● **What you have to do**
Could you copy the data that follows exactly as written, but drop the pictures?

● **Supplied material**
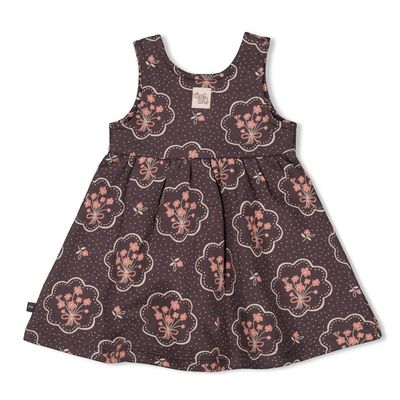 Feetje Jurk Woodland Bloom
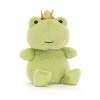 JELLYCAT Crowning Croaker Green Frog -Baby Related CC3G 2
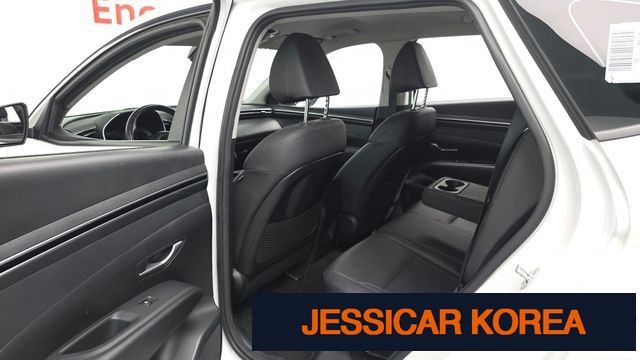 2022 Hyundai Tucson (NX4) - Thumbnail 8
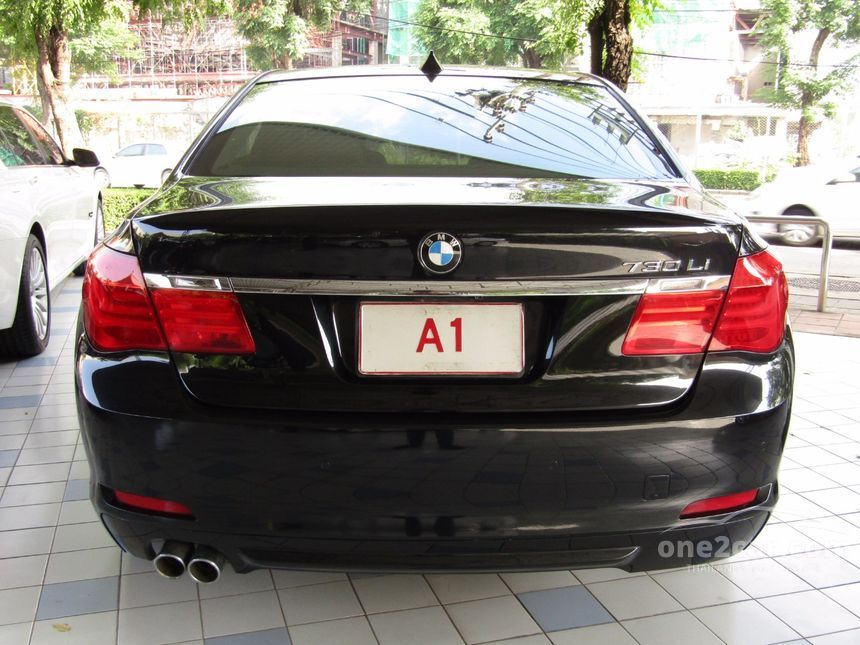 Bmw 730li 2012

● **Task response**
 Feetje Jurk Woodland Bloom
 JELLYCAT Crowning Croaker Green Frog -Baby Related CC3G 2
 2022 Hyundai Tucson (NX4) - Thumbnail 8
 Bmw 730li 2012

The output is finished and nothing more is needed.